ECLI:NL:RBNNE:2022:2669
Rechtbank Noord-Nederland
- Voorlopige voorziening
- M.W. de Jonge
- J.A. van Loo
- Rechtspraak.nl
Herhaald verzoek om voorlopige voorziening in bestuursrechtelijke zaak
Op 26 juli 2022 heeft de voorzieningenrechter van de Rechtbank Noord-Nederland uitspraak gedaan in een bestuursrechtelijke zaak, geregistreerd onder nummer 21/2183. Verzoeker, woonachtig in [woonplaats], heeft een herhaald verzoek om een voorlopige voorziening ingediend. Dit verzoek betreft een lopende beroepszaak bij de rechtbank, geregistreerd onder nummer 21/3320. Eerder, op 24 juni 2022, heeft de voorzieningenrechter het verzoek om een voorlopige voorziening afgewezen. Verzoeker heeft op dezelfde datum opnieuw een verzoek ingediend, waarop de rechtbank heeft besloten de behandeling op een zitting achterwege te laten, conform artikel 8:83, derde lid, van de Algemene wet bestuursrecht (Awb).
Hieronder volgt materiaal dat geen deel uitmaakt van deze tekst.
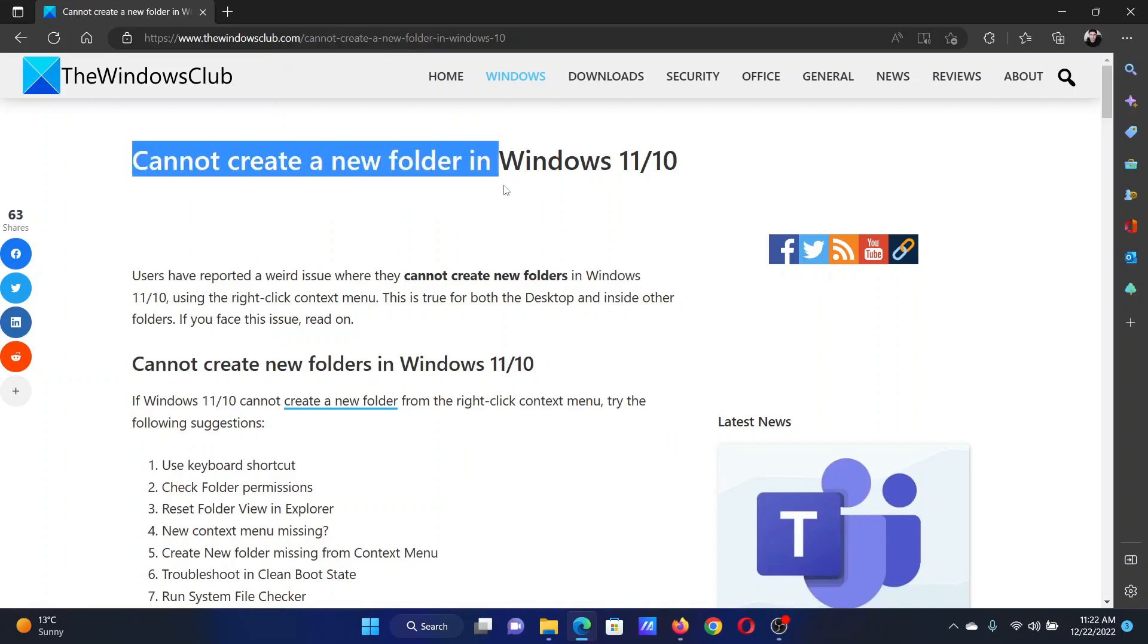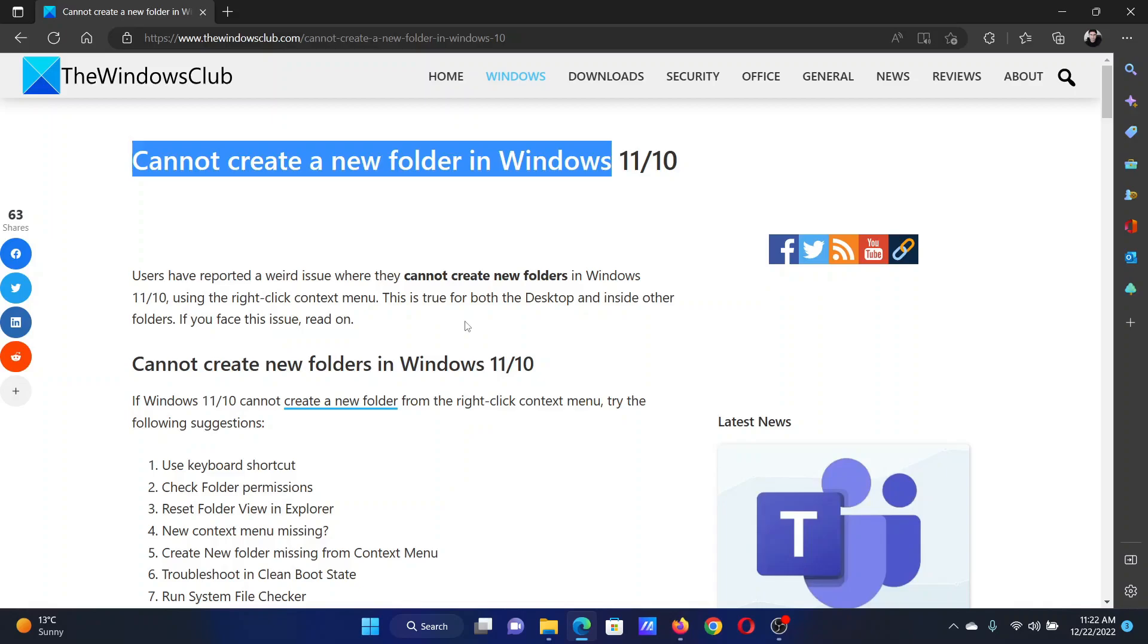...please go to the original article on The Windows Club, scroll down to the comment section, and write your query. We will surely answer it. Do not forget to subscribe to the channel. Thank you for watching this video and have a nice day.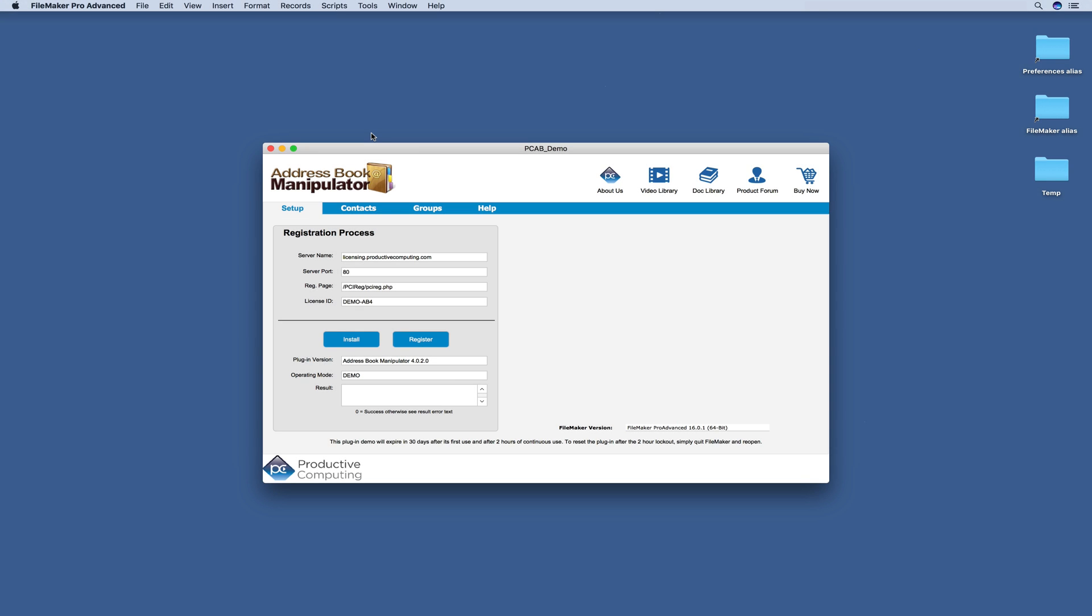Hello. In this video, we're going to review some of the functionality available with the Address Book Manipulator plugin using the demo file. This video assumes that you have already installed and registered your plugin. If you have not done so, please see our other video for instructions on how to do this.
De voorzieningenrechter heeft in zijn overwegingen vastgesteld dat verzoeker een voldoende spoedeisend belang heeft. Echter, het herhaalde verzoek kan alleen worden toegewezen indien er nieuwe feiten of omstandigheden zijn die dit rechtvaardigen. De voorzieningenrechter heeft geconcludeerd dat de door verzoeker aangevoerde punten in zijn e-mail van 24 juni 2022 geen nieuwe feiten of omstandigheden zijn die de toewijzing van het verzoek rechtvaardigen.
Daarom heeft de voorzieningenrechter het verzoek om een voorlopige voorziening afgewezen, met de overweging dat er geen aanleiding is voor het toekennen van een proceskostenvergoeding. De uitspraak is gedaan door mr. M.W. de Jonge, in aanwezigheid van griffier mr. J.A. van Loo, en is openbaar uitgesproken op 26 juli 2022. Tegen deze uitspraak staat geen hoger beroep of verzet open.